So now that my school year is almost over, I figured it’d be appropriate for a little self-reflection. It might be boring, it might be interesting. I have to say that by far this year has been the craziest, both good and bad. Let’s start with the positives.

Fall Semester:
Fall semester was great. I wrote, directed, and produced my first short film. It wasn’t the best, but there’s a first for everything and the most important thing to do is to learn from your mistakes and move forward. With only a month to put the whole thing together, I must say we did a pretty good job. And for once, I didn’t have any irresponsible people in my group. Everyone was pretty much dependable and responsible and that’s all I could ask for. For our final, we screened all the final productions in the theater on a big screen…a little taste of what life could be like from now. It was pretty exciting. Although we didn’t win any awards, we were still winners in my eyes.

Fall semester was also when the guy I liked confessed his feelings for me. We were starting to grow closer and I got butterflies every time I was around him. This was the first time I got those feelings since my last relationship so for me, it was kind of a huge deal. Things like this don’t usually work out the way I want them to. It’s always either I like the guy and he doesn’t like me back or the other way around. :/ For the first time, I felt like things were beginning to fall into place and I might actually have a chance with this guy. But of course, things sort of fell apart next semester. But I’ll get into that later.

As for negatives, I don’t think I have anything. Honestly, all fall semester’s a blur to me now that it’s been a few months. I guess the only sad thing that happened was when the guy I liked said we should just be friends before we even went out on a date or even tried to be a relationship. I don’t know why he got cold feet all of a sudden considering he sure talked up a huge storm about having feelings for me over the year and a half we’ve known each other. Yeah, it sucked, but I wasn’t going to take it personally. In all honesty, it still felt a little weird, like we were trying too hard and some things felt forced and it shouldn’t feel like that. I was just excited to have a class with him again the following semester. During the fall semester, I didn’t see him at all until the very end when I made an effort to come to campus early and meet up with him during his break.

Spring Semester:
Spring semester was crazy! The semester started off kind of rough because I was in danger of being under-enrolled unit-wise. And for those of you who are in college and know how crazy it is during the first couple of weeks trying to get classes, you know how I felt. Once that settled, I got adjusted to my new schedule. I was happy to see “Tom” again on a weekly basis and I was really looking forward to this semester because of that.
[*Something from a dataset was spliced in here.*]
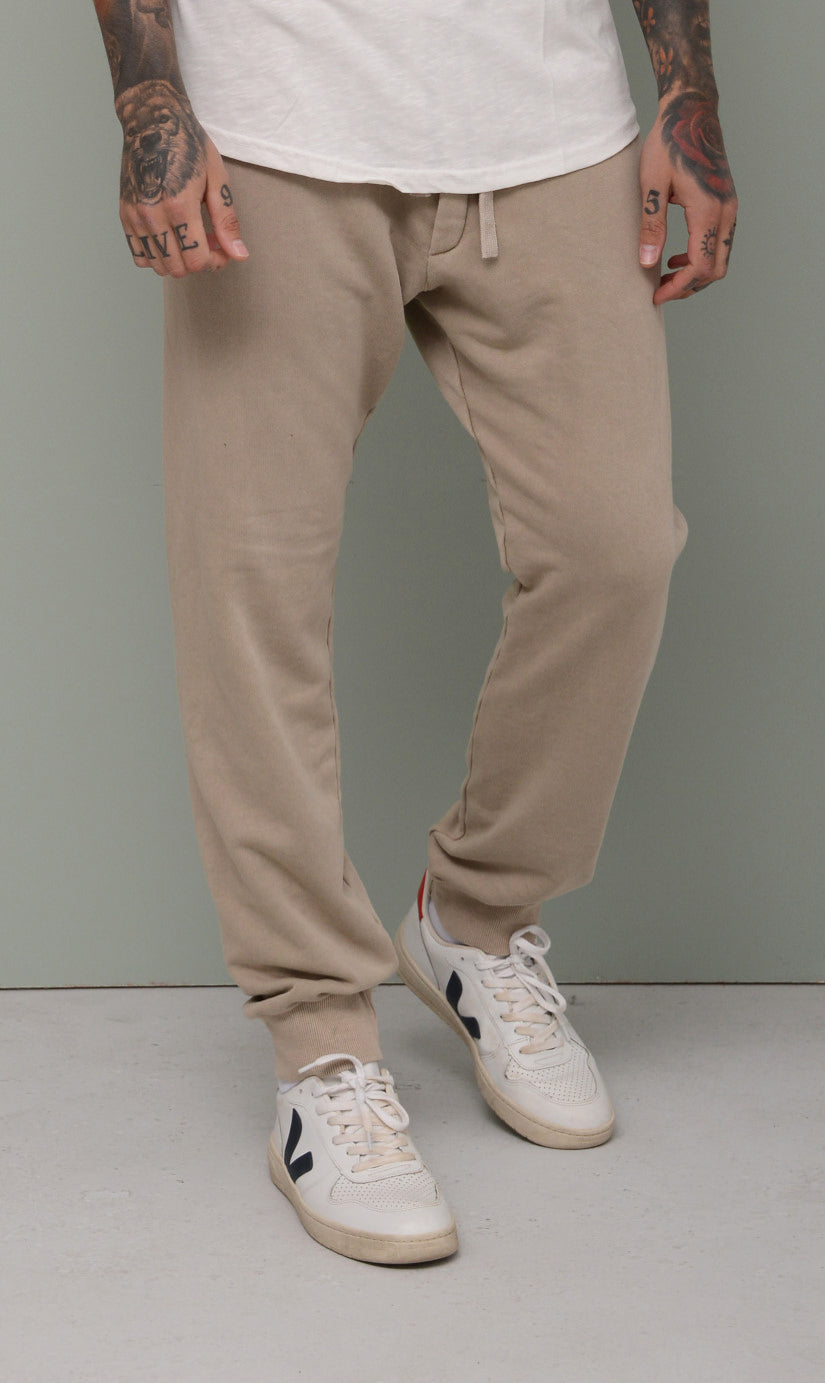 STONEWASHED COTTON SWEATPANTS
Just as the semester started, I went to my major advisor because I wanted to find out how I could get involved in the film department  on campus. He sent me to another professor, and I became her TA. Although that wasn’t exactly what I was looking for, being her TA was good work experience for me. It was crazy and overwhelming at times, but at the end of the day, I gained a mentor, someone who’s pledged to help me with whatever I need and write references if I need them. That’s more than I could have ever asked for.

A new semester means new friends and I continued meeting more film majors. One guy was in all four of my film classes, which has never happened to me before, but it was fun. We became pretty good friends. The beginning of the semester is always kind of awkward because you don’t know anyone in your class, but then I’m always sad when it’s over because some of the people I never thought I’d become friends with, I did, and it’s just sad when it’s all over. Maybe I’m just weid like that and I always get that bittersweet feeling when a semester is over.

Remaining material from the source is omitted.